Hoplite Capital to Shut Its Doors After 16 Years
The announcement came in a letter to shareholders after lackluster returns.
John Lykouretzos will shutter Hoplite Capital and return capital to investors.
The hedge fund manager addressed his decision in a letter to shareholders this week.
“I have decided to close the Hoplite managed funds and return third-party capital as soon as possible,” he wrote.
The announcement follows a string of other closings and strategy shifts across the hedge fund space. Last October, Tourbillon Capital Partners shuttered its doors. Meanwhile, Highfields Capital Management and Omega Advisors both informed clients they will convert to family offices and stop taking new investor capital.
Finally, Switzerland based quantitative hedge fund Amplitude Capital AG also announced earlier this year it will shut its doors.
Why Hoplite Capital Folded
Lykouretzos said in a note his firm could not “maintain the capital duration required to successfully implement our stock-picking strategy without distraction. Last December, the 16-year-old firm, reported had $1 billion in assets, according to regulatory filings.
Lykouretzos departed Viking Global Investors in 2003 at 29 years old to start his own business. The firm survived several bouts of significant volatility, Lykouretzos highlighted. These events included the 2008 financial crisis, the 2011 European crisis, the 2015 China tantrum, and last Decembers rate tantrum over the Federal Reserve’s guidance. In 2018, Hoplite’s return to investors was flat, while the S&P 500 fell 5% (largely due to the December selloff).
For 2019, Hoplite returned 7.3% net for fees through July. That trailed the S&P.

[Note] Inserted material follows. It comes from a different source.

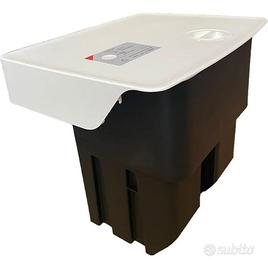 Kit automatico Roborock QRevo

What’s Next for John Lykouretzos?
Lykouretzos said he will now work to find his employees new opportunities while returning the bulk of investor capital by early September. According to WhaleWisdom, Hoplite had six primary clients and $1.044 billion in AUM at the end of Q1 2019. Its top 10 holdings represented more than 60% of their portfolio. Its primary positions were in Consumer Cyclicals, Consumer Non-Cyclicals, and Healthcare, according to its Q1 13-F.